▸ YOUR TASK: In this material, which lines include the string "Made"? Show them.

▸ RAW DATA:
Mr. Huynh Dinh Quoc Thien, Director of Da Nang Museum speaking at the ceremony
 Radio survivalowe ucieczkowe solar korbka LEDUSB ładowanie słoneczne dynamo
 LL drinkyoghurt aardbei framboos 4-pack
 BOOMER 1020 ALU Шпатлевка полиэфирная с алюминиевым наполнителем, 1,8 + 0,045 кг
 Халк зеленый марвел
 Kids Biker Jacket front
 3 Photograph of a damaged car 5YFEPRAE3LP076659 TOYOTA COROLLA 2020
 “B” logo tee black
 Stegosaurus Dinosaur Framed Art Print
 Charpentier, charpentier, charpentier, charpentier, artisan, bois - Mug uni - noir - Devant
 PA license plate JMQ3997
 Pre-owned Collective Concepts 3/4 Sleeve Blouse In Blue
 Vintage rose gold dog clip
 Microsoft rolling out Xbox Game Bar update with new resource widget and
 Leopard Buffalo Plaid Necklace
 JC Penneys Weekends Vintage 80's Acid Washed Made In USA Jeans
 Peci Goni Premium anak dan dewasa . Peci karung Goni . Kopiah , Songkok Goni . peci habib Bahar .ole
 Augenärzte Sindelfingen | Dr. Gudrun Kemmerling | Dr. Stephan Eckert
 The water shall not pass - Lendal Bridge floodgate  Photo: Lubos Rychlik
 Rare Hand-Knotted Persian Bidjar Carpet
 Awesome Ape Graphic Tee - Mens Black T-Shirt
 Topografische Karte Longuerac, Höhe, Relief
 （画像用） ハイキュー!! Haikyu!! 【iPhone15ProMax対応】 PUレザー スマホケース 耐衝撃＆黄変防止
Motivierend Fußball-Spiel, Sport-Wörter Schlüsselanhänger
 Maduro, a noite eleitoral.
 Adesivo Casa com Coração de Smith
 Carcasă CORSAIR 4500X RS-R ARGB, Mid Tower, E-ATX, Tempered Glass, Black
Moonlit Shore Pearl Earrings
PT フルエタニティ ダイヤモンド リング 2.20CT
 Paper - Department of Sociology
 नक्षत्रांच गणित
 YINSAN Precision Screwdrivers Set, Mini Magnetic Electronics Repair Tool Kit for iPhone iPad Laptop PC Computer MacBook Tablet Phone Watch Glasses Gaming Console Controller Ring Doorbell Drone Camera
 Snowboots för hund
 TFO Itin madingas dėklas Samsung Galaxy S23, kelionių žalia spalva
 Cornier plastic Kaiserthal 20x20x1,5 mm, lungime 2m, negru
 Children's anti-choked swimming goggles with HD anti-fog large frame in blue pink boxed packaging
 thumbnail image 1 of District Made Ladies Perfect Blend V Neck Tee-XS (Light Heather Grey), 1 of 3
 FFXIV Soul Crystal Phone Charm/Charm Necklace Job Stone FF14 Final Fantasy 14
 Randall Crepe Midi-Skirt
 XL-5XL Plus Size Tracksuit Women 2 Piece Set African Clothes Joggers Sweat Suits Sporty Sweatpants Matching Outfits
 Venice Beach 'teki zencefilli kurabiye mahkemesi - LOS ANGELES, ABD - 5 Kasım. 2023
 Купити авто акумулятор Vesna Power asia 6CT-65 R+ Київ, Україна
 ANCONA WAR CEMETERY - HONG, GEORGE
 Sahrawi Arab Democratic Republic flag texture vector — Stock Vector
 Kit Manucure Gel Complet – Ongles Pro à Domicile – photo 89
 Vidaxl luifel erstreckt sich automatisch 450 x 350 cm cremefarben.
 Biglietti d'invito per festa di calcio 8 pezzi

▸ RESPONSE AREA:
 JC Penneys Weekends Vintage 80's Acid Washed Made In USA Jeans
 thumbnail image 1 of District Made Ladies Perfect Blend V Neck Tee-XS (Light Heather Grey), 1 of 3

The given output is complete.